Todo lo que nos rodea está compuesto de burbujas. Incluso esta silla, esta en la que reposan todas mis burbujas, no se pueden ver pero están. ¿Y dónde no? Pero ser conscientes de que somos burbujas no explica el por qué, no lo hace de una manera que todos podamos entender, que todos podamos comprender. ¿Por qué estamos hechos de burbujas si las burbujas son frágiles y volátiles? ¿Cómo le podemos explicar a un niño que en algún momento las burbujas que forman a sus abuelos o a sus padres deciden cumplir antes de tiempo de su ciclo vital? No sé cómo explicar en palabras que se puedan entender que, en algún momento, todos nos iremos, sea cuando nos toque o cuando no. El caso es que tengo dentro de mí una burbuja grande, negra, hostil, cabrona, que ya no amenaza con destruir a todas las demás, porque eso ya lo ha hecho. Simplemente me recuerda cada día que cada día que pasa la burbuja que soy está cada vez mas difuminada, está a punto de explotar. ¿Cómo podría explicar algo tan complejo de comprender, de asimilar, de compartir? ¿Cómo explicar que las burbujas de mi tiempo son cada vez menos en cantidad y calidad? Que cada vez me quedan menos. Que ya soy una burbuja que es recuerdo.

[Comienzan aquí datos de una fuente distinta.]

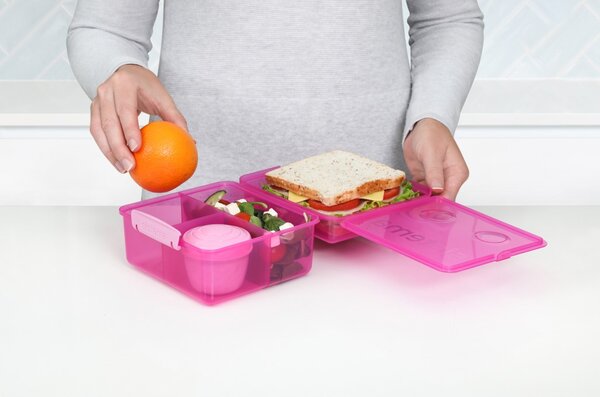 Sistema Dělený svačinový box Lunch Cube Max s nádobou na jogurt s dvojitým víčkem 2 l, růžová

La vida está hecha de burbujas. Nosotros somos una de ellas. Nosotros seremos una de esas que recuerdan. Somos burbujas, nada más. Simples burbujas. Simples. Frágiles. Volátiles. Burbujas»

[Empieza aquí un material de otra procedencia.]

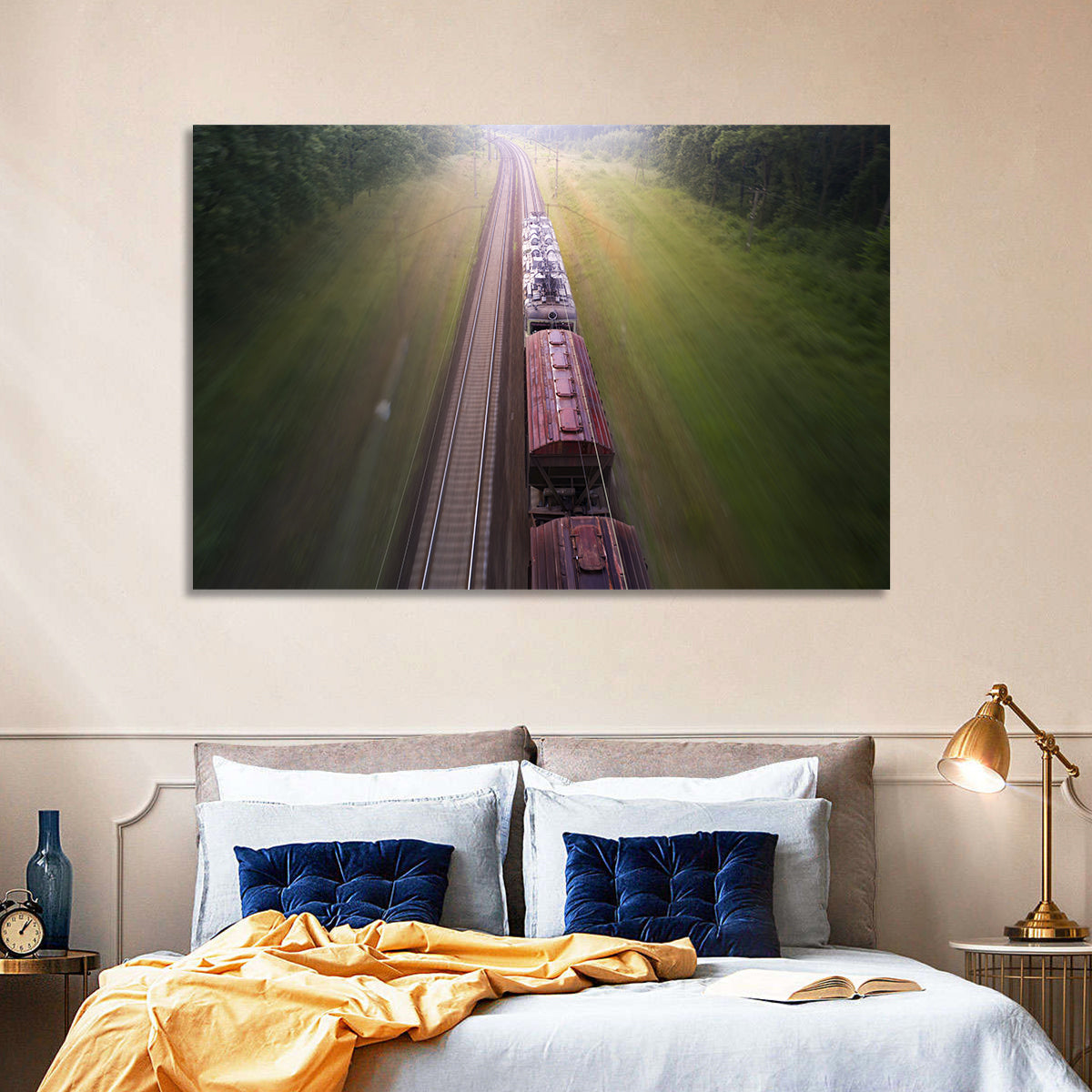 Freight Train Through Forest Wall Art in a room, landscape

Y entonces nos miró, uno a uno, a mí y a mis primos. Y nos miró en silencio, como queriendo aprenderse de memoria cada una de nuestras facciones. Como si de ello dependiera algo que no acertábamos ni comprendíamos. Así estuvo unos segundos que se me hicieron años. En silencio, sonriendo, con la mirada clavada en nosotros. Con las manos clavadas en esta silla en la que hoy te intento dormir, tú, mi burbuja, mi primera burbuja, compuesta de todas las mías, de todas las suyas, compuesta de burbujas que son promesas de vida. Aquella mañana perdimos para siempre a mi abuela, aunque siguiéramos viéndola hasta el final del verano. Nunca fue la misma. Murió tres meses después. No hubo despedida. No hubo nada. Pero hoy, veinte años después, sigo sintiéndola, sigo sintiendo sus burbujas. Sigo aprendiendo y pensando porque fue lo que ella nos enseñó. Su memoria es una burbuja dura, permanente, eterna. Como lo es ella.

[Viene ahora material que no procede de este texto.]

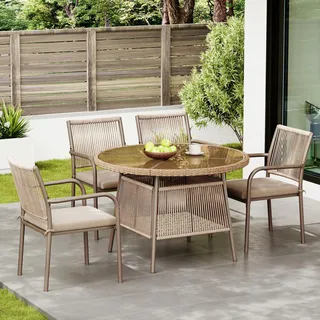 Flieks Rattan Gartenlounge-Set 5-tlg. für 4 Personen, 4 Essstühlen mit Rundem Glastisch, Gartenloungeset Sitzgruppe mit Eisengestell, Braun - Braun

Ahora comprendo que aquella mañana no intentaba hacernos comprender la vida sino que intentaba explicarse la única cosa que era incapaz de entender por sí misma. Quería explicarse por qué tenía que marcharse, por qué tenía que acabar todo, porque sería la última vez que nos veríamos. Intentaba explicarse la vida para irse en paz, no para explicárnosla a nosotros. Porque como siempre decía, aquello que no tiene una explicación sencilla es porque, simplemente, ni tiene una explicación ni merece tenerla.

Y a la vida, querida burbuja, no hay quien la comprenda.